Company reported its loss widened to 543 million yuan in the third quarter, following record sales and deliveries on China’s top shopping festival earlier in November
- Dada’s net loss widened to 543 million yuan in the third quarter from 434 million yuan a year earlier
- The company’s autonomous delivery operation system participated in China’s ‘Double Eleven’ shopping fest for first time on Nov. 11
By James Dyson
As the U.S. heads into the original “Black Friday” on the day after Thanksgiving, short-distance delivery specialist Dada Nexus Ltd. (DADA.US) is basking in the glow of a healthy performance from China’s own version of the shopping frenzy on Nov. 11, also known as “Singles Day.” But as the company’s newly announced third-quarter results are showing, all those dizzying numbers are no match for a profit – something Dada Nexus is notably lacking.
Amid the mind-numbing numbers around this year’s Singles Day, which saw industry leader Alibaba (BABA.US; 9988.HK) clock up $84.54 billion in gross merchandise volume (GMV) alone, it’s easy to overlook smaller companies like Dada that enable the big names like Alibaba.
Dada, which became majority controlled by Alibaba rival JD.com (JD.US; 9618.HK) earlier this year, said it posted record sales and deliveries during this year’s Singles Day, which has grown from a single day event to one lasting around two weeks. While Dada didn’t provide specific numbers, its performance points to an intriguing fourth quarter, suggesting its shares may be worth a closer look.

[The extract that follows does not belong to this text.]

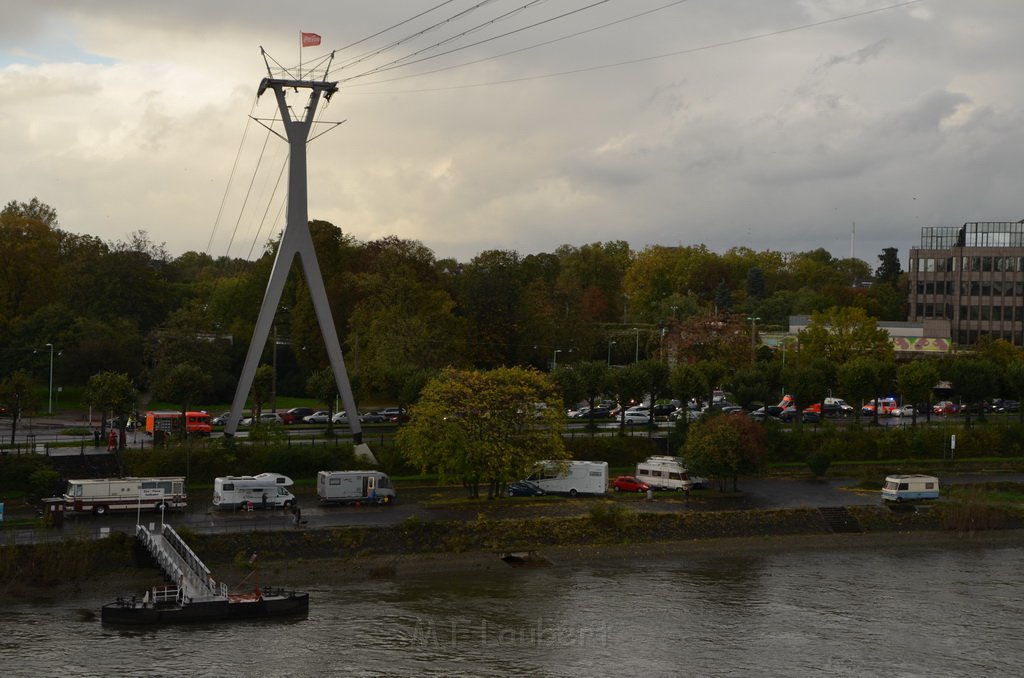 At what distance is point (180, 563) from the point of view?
33.3 metres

In the meantime, the company’s third-quarter results released on Tuesday, while pointing to sharp growth, also show a company swimming in a growing sea of red ink. Its net loss grew to 543 million yuan ($85 million) in the three months to September, versus 434 million yuan a year earlier.
While the company might like to focus on its booming revenue, thanks in part to the boost from events like Singles Day, investors seemed more clearly focused on its bottom line. The stock was down 1.4% in after-hours trade after the results were announced, and have actually sagged nearly 6% since Nov. 11.

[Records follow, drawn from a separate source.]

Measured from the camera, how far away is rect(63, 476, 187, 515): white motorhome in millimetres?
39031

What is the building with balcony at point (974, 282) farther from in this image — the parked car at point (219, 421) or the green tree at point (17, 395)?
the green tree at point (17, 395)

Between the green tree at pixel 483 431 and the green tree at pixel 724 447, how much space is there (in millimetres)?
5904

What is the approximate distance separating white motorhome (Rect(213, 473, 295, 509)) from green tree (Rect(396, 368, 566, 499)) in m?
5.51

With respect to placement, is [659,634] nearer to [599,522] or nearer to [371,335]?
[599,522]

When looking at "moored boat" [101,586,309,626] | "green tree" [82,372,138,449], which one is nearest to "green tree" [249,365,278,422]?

Dada operates through two complementary but separately operated business platforms: Dada Now and JD-Daojia (JDDJ). Dada Now is a local on-demand delivery platform, while JDDJ delivers goods from local merchants like grocers and florists to buyers.

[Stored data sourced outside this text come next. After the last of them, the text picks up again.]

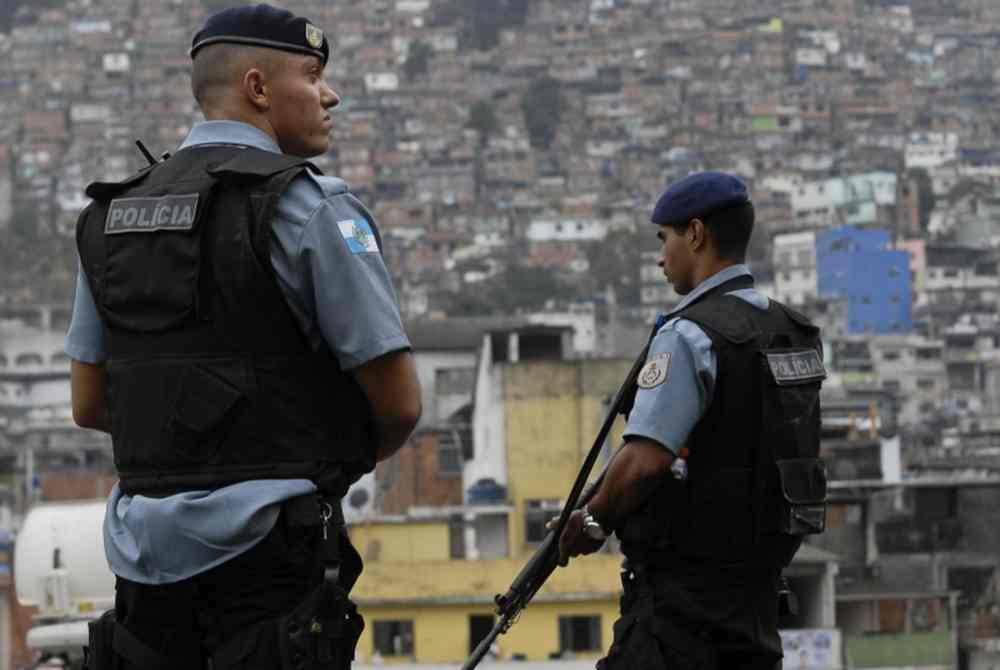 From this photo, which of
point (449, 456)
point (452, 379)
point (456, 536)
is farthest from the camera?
point (452, 379)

Because of its local nature, Dada is particularly good at delivering goods quickly. While Alibaba’s Cainiao logistics arm currently aims to deliver anywhere in China within 24 hours, Dada, which specializes in “last mile” intra-city services, aims for deliveries within an hour. It boasted an average delivery time of just 23 minutes on Nov. 11.
During this year’s festival Dada also offered an interesting foretaste of what’s to come, as its autonomous delivery operation system participated for the first time. That system was adopted by a number of major grocery retailers, including 7 Fresh, Yonghui and Sam’s Club, which is owned by Walmart, bringing unmanned delivery for a dozen neighborhoods.
In October, Dada and JD also jointly launched Shop Now, which lets consumers order online and get deliveries from a store within one hour when purchasing products on the JD App. The service uses JD’s location-based technology to deliver products from offline stores within 3 kilometers to 5 kilometers, with more than 100,000 offline retailers registered on the platform.
While providing a potential new growth source, the Shop Now initiative also underscores how Dada’s future prospects are closely tied to its much-larger controlling stakeholder.
Big Fourth Quarter Ahead?
Shop Now and Singles Day came too late to be included in Dada’s third quarter earnings, but give a useful indication of where revenue may be headed in the fourth quarter, which includes Singles Day. Five analysts polled by Yahoo Finance expect the company to earn about $320 million in fourth-quarter revenue, which would represent a slight gain over the $315 million a year earlier.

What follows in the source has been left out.